▶ _Problem requirements_:
Pictures in the data should be dropped; transcribe exactly the lines from the one that has "Cloud White, variant" through the one that has "Oddworld Anthology - The".

Input data below:

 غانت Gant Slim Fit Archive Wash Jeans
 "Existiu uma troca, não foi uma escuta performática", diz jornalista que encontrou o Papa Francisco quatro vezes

End of Input data.
Input data below:

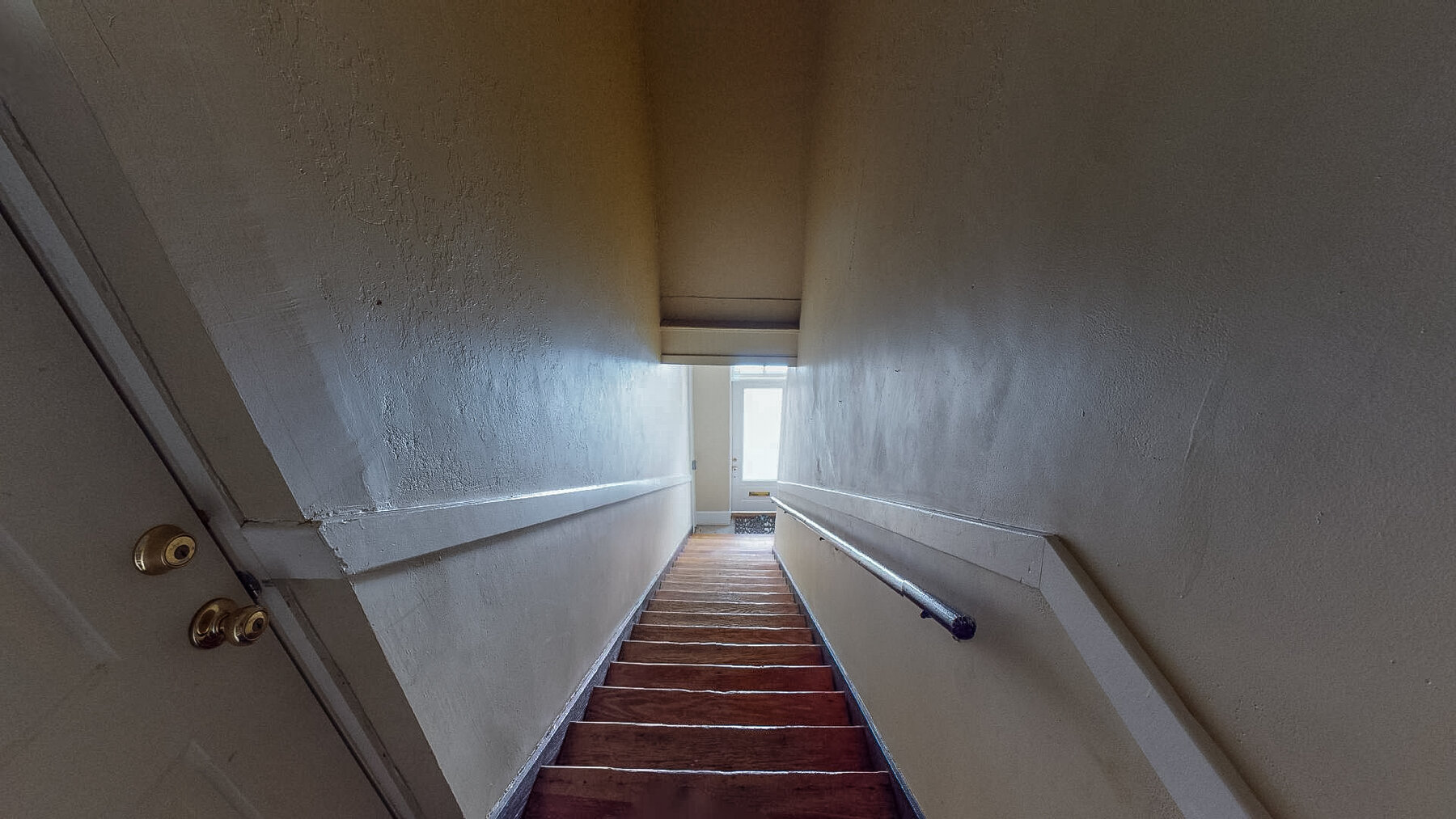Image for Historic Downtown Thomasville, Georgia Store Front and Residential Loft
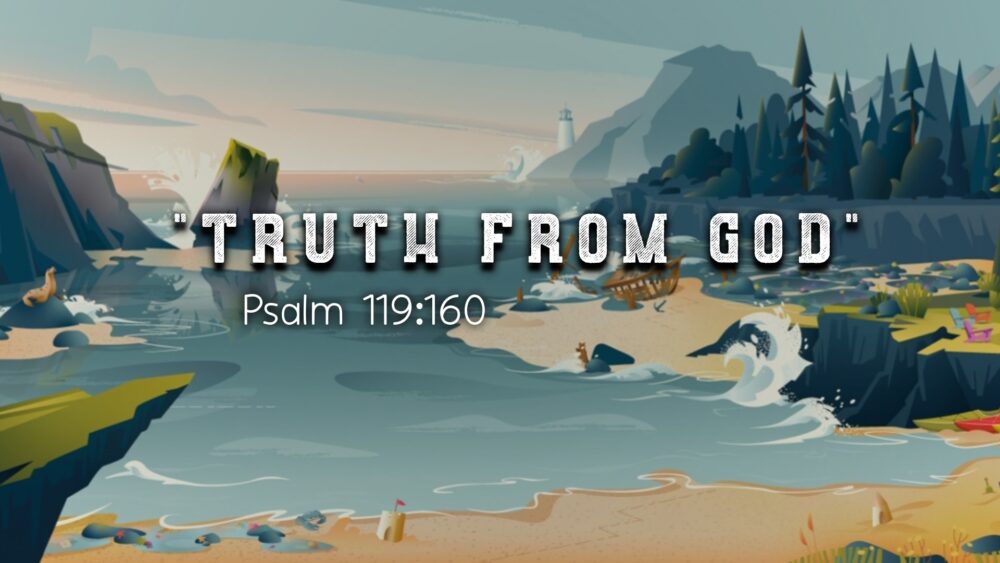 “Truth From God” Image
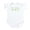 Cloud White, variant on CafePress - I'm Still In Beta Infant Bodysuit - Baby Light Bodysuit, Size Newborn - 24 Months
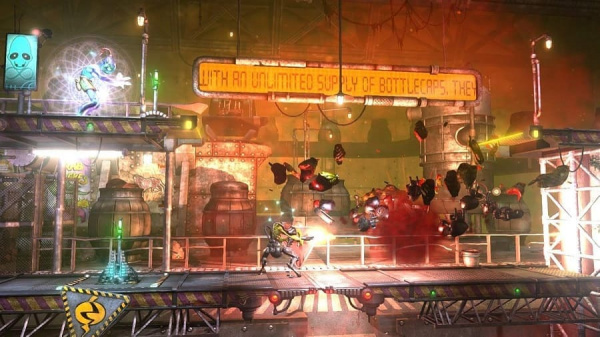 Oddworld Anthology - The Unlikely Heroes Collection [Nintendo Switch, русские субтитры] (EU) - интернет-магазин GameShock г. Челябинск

End of Input data.
Input data below:

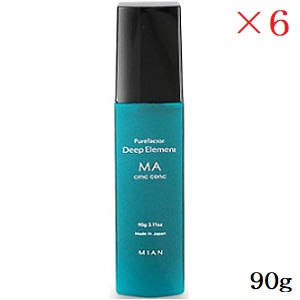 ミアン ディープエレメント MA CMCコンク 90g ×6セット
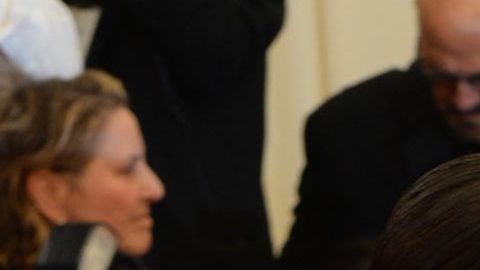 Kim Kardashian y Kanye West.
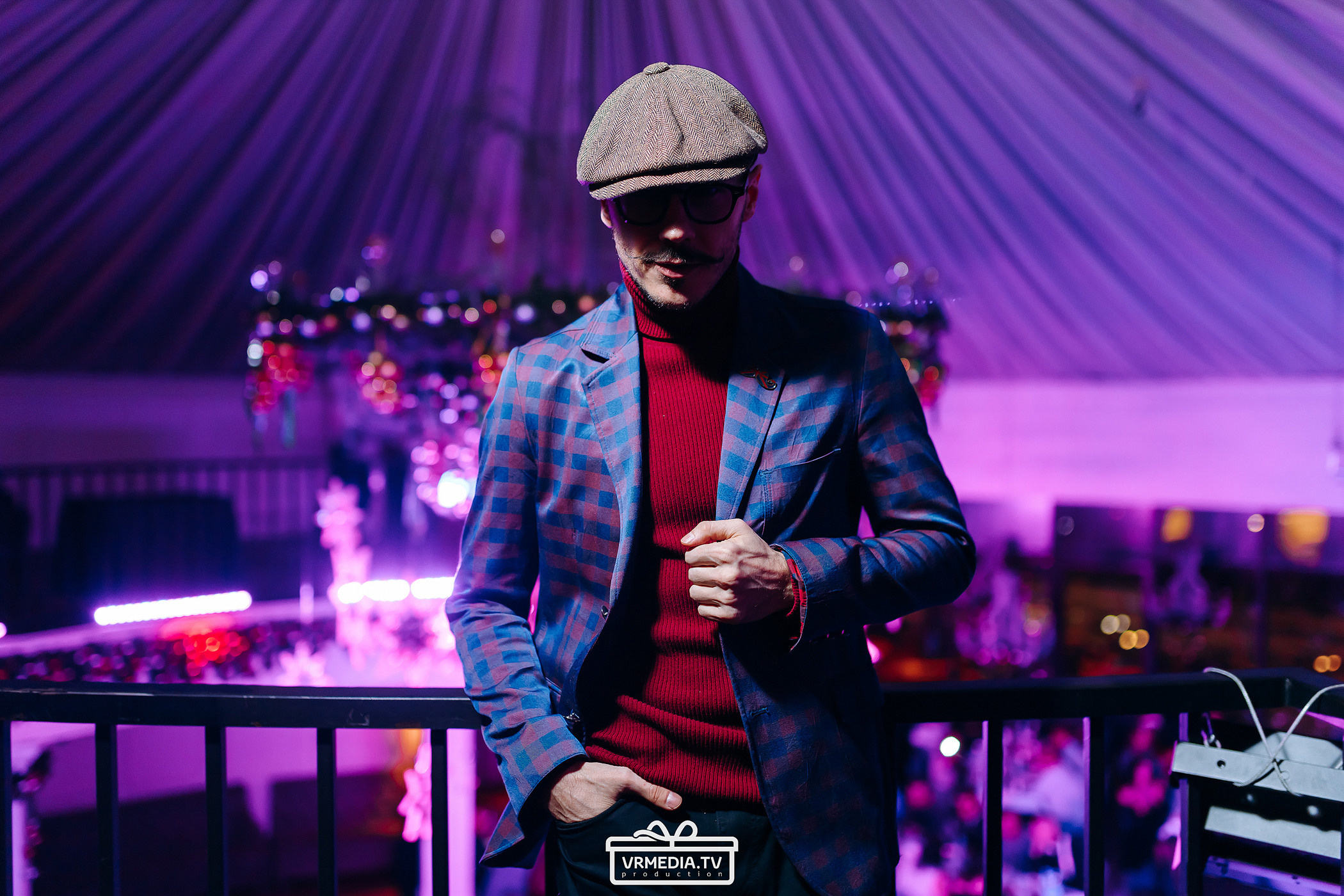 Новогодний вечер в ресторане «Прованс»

End of Input data.

▶ _Answer space_:
 Cloud White, variant on CafePress - I'm Still In Beta Infant Bodysuit - Baby Light Bodysuit, Size Newborn - 24 Months
 Oddworld Anthology - The Unlikely Heroes Collection [Nintendo Switch, русские субтитры] (EU) - интернет-магазин GameShock г. Челябинск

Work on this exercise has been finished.